Nacido de una idea tirada en el post anterior, aquí viene mi post tributo a Mantis. Mi carrera delictiva, acaso esporádica, comenzó a la tierna edad de cinco años. Mis padres me habían arrastrado al domicilio de alguna pareja amiga y habían hecho conmigo ese acto insensible que todo padre hace en esas circunstancias:
me dejaron en el living con el niño de la casa, como si dijeran “ahí tenés otro de tu clase, confraternizá, integrate y sobre todo, no nos rompas las pelotas por un par de horas”.
Ahí estaba yo, frente a un completo desconocido, obligado a coexistir sin saber si había entre nosotros algo en común, más allá de nuestra edad. Para colmo de visitante. Entre mi postura decididamente antisocial, y el recelo con que me miraba el anfitrión, ya desde el principio tuve la sospecha de que nada bueno saldría de aquello. Sin embargo, un vistazo fugaz me permitió entrever la presencia de unos autitos de colección reposando en el sillón: un horizonte potencial de afinidades se abrían de repente, porque no eran autitos de colección comunes y silvestres. No, eran réplicas de los autos que aparecían en los Dukes de Hazzard. Y entiéndase esto, a mis cinco años, los Dukes de Hazzard no eran más importante que Dios o mis padres.
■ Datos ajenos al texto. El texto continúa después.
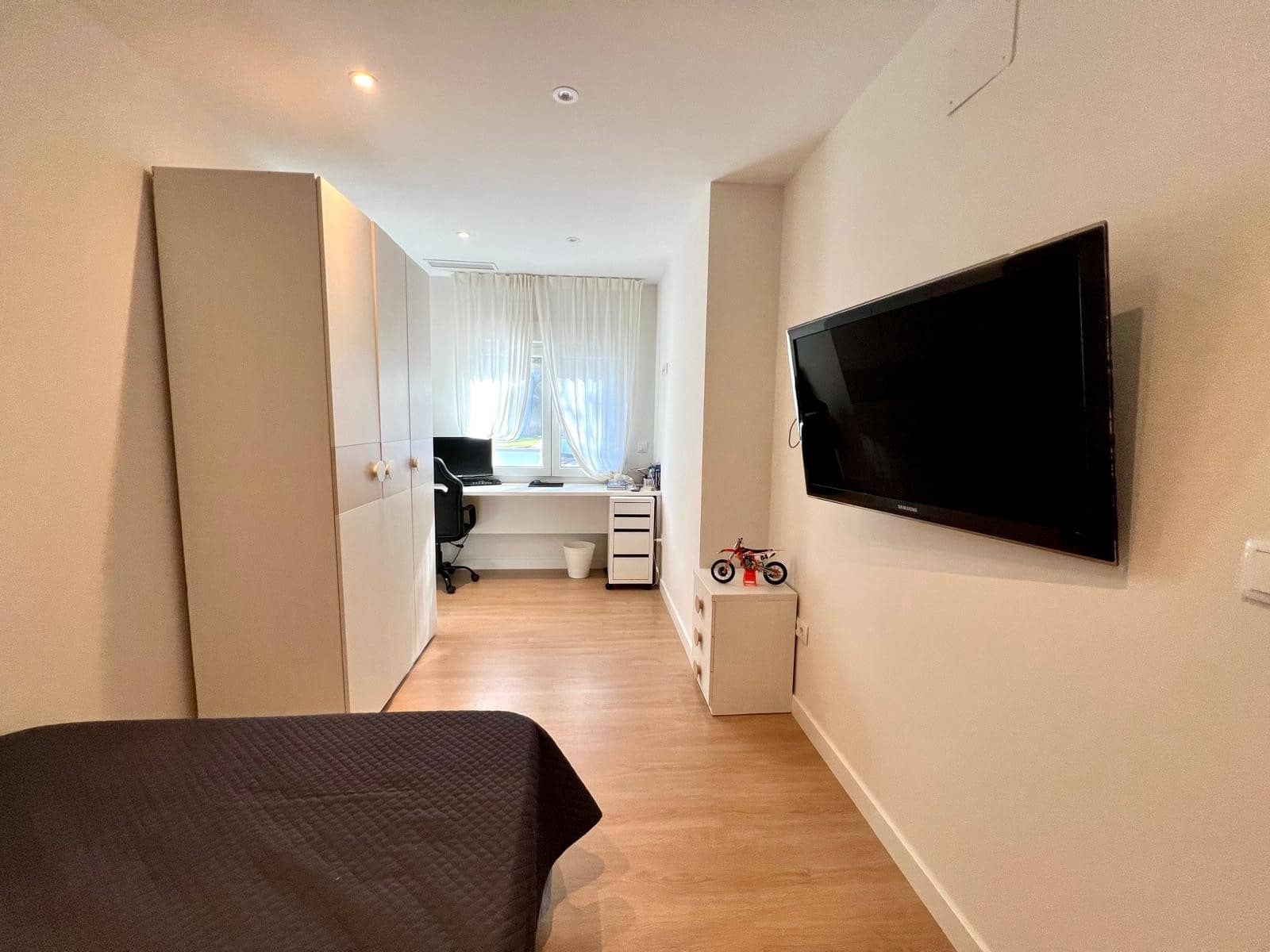 4 slaapkamer Villa te koop in Elda met zwembad garage - € 339.995 (Ref: 9415231)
Los Dukes de Hazzard ERAN Dios, y mis padres posiblemente vinieran mucho más atrás en el ranking, entre el Auto Fantástico y Mac Gyver. El anfitrión y yo cruzamos una mirada que lo decía todo: algo nos hermanaba en medio de la hostil indiferencia de nuestros mayores. Tímidamente intercambiamos las presentaciones mínimas necesarias, y nos dispusimos a recrearnos. Pero el anfitrión enseguida mostró la hilacha: no permitía que ninguno de sus autitos estuvieran en mis manos un lapso de tiempo mayor que diez segundos. Al principio respeté su fragmentaria manera de compartir juguetes; al rato la situación se volvió insostenible: cuando el pibe se atrincheró en un extremo del sillón, amontonando apresuradamente todos sus autitos, supe que alguna clase de final era inminente en nuestra relación. Sólo en ese momento exterioricé un reproche. Y fui humilde: “¿No me prestás aunque sea uno?”. Su respuesta fue un “no” tan desagradable como el que podría salir de labios de un
futuro votante de Macri. En ese instante, mis padres anunciaron la partida. Se produjo la distracción necesaria, y con una habilidad que me sorprendió incluso a mí mismo, arrebaté uno de los autitos y lo metí en un bolsillo. Nadie lo notó. Habría sido un debut innegablemente exitoso, sino hubiera cometido luego un error de principiante: ni bien hube llegado a mi casa,
me puse a jugar con el autito a la vista de todos. Las investigaciones del caso no se hicieron esperar, y las recriminaciones de rigor llegaron con todos los lugares comunes imaginables. Hubo tentativas del castigo clásico que consiste en devolver lo robado a la víctima con disculpas y toda la humillación consecuente, pero creo que mis argumentos fueron lo suficientemente atenuantes como para que el daño se subsanara sin ninguna humillación de quien escribe.
Y ustedes, mis estimados, ¿alguna vez han delinquido motivados por el fuego que inflara el pecho literario de Robin Hood?